This repository contains some models pretrained on the Voxlingua107 dataset to be used for spoken (audio based) language classification. The dataset (and therefore the models) can distinguish between 107 different types of languages. Four models are provided ( See below ).
git clone https://github.com/RicherMans/SpokenLanguageClassifiers
pip install -r requirements.txt
python3 predict.py AUDIOFILE
The models (see below) can be also modified. Currently four models have been pretrained. All of which are accessed with the --model MODELNAME
parameter.
By default the models just print the top N
results (N=5 and can be changed with --N NUMBER
).
Four models were pretrained and can be chosen as the back-end:
- CNN6 (default) : A six layer CNN model, using attention as temporal aggregation.
- CNN10: A ten layer CNN model, using mean and max pooling as temporal aggregation.
- MobilenetV2: A mobilenet implementation for audio classification.

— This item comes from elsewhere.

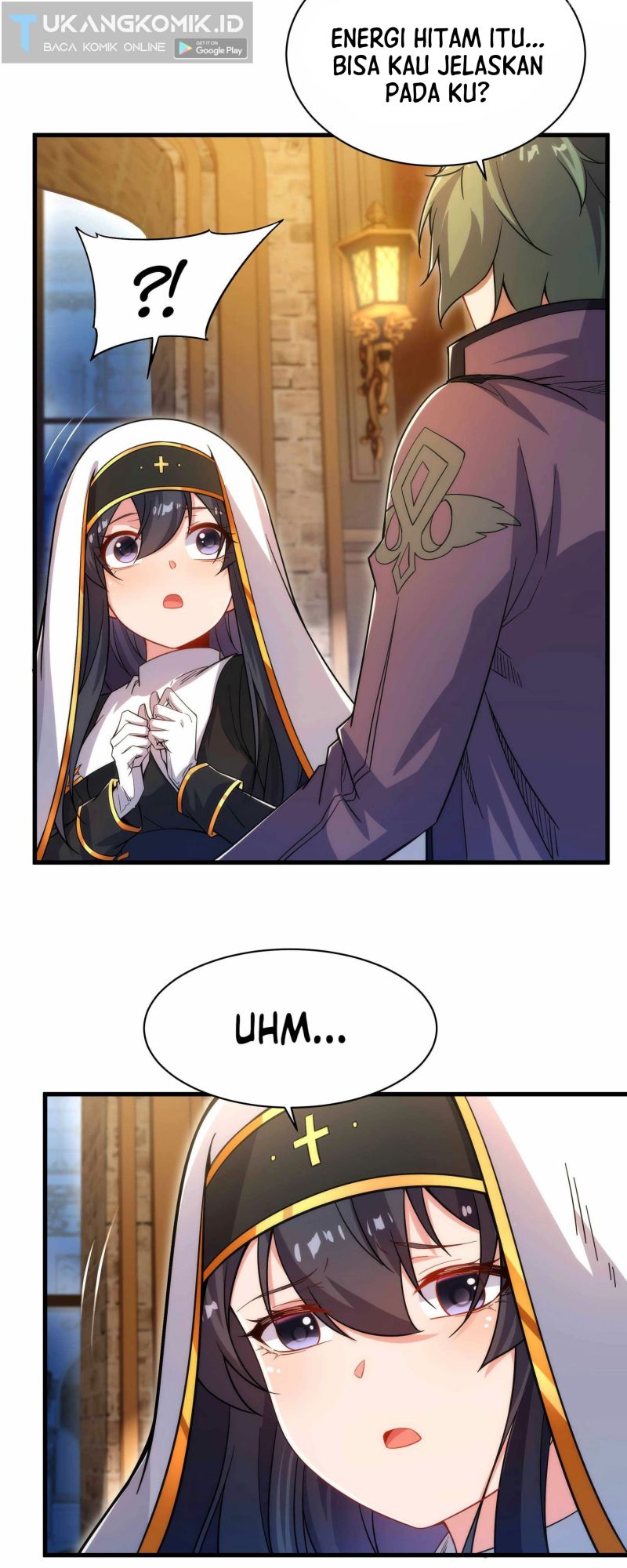Despite Coming From The Abyss, I Will Save Humanity chapter 88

- CNNVAD: A model that simultaneously does VAD and classification. The VAD model is taken from GPV and Data-driven GPVAD. Model training has been done by fine-tuning both VAD and Language classification models. The back-end model here is the default CNN6.
Since I don't have access to other datasets for cross-dataset evaluation, I provide the current performance on my held-out cross-validation dataset:
Model | Precision | Recall | Accuracy |
---|---|---|---|
CNN6 | 81.7 | 84.4 | 83.6 |
CNN10 | 89.9 | 90.9 | 90.8 |
MobileNetV2 | 80.0 | 80.1 | 79.3 |
CNNVAD | 81.0 | 82.4 | 82.9 |